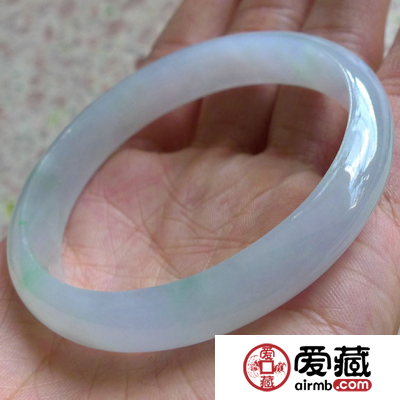 翡翠的选购技巧有哪些 怎么选翡翠
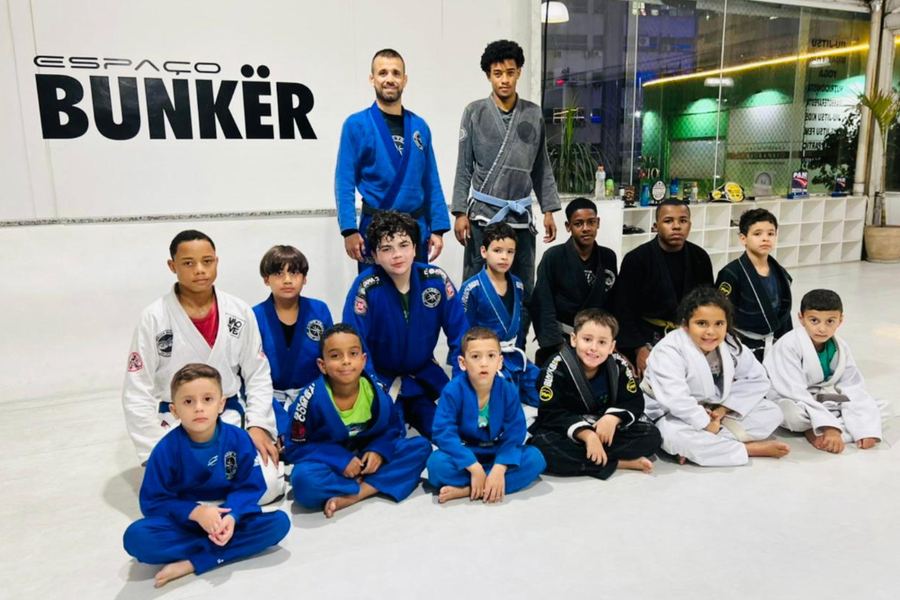 Turma infantil com os professores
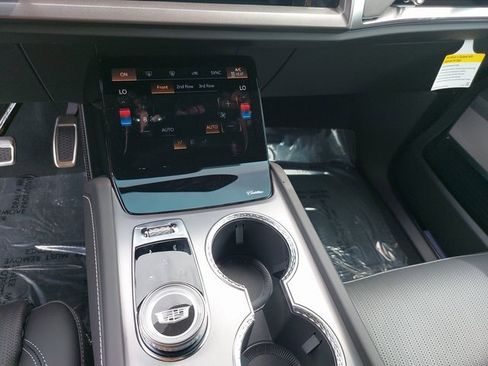 New 2026 Cadillac Vistiq Sport w/ LPO, Floor Liner Package image 29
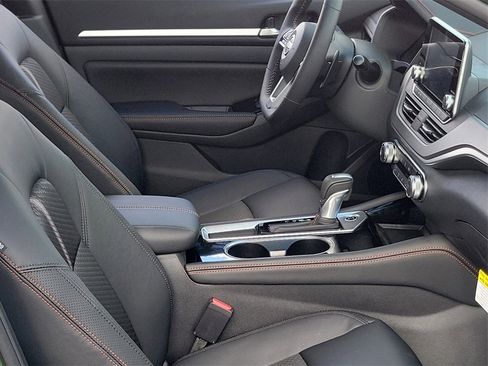 New 2025 Nissan Altima 2.5 SR image 16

□ □ □ □ □

● Exercise description: Hand back every line of the material, exactly, without the pictures.

● Expected answer:
 翡翠的选购技巧有哪些 怎么选翡翠
 Turma infantil com os professores
 New 2026 Cadillac Vistiq Sport w/ LPO, Floor Liner Package image 29
 New 2025 Nissan Altima 2.5 SR image 16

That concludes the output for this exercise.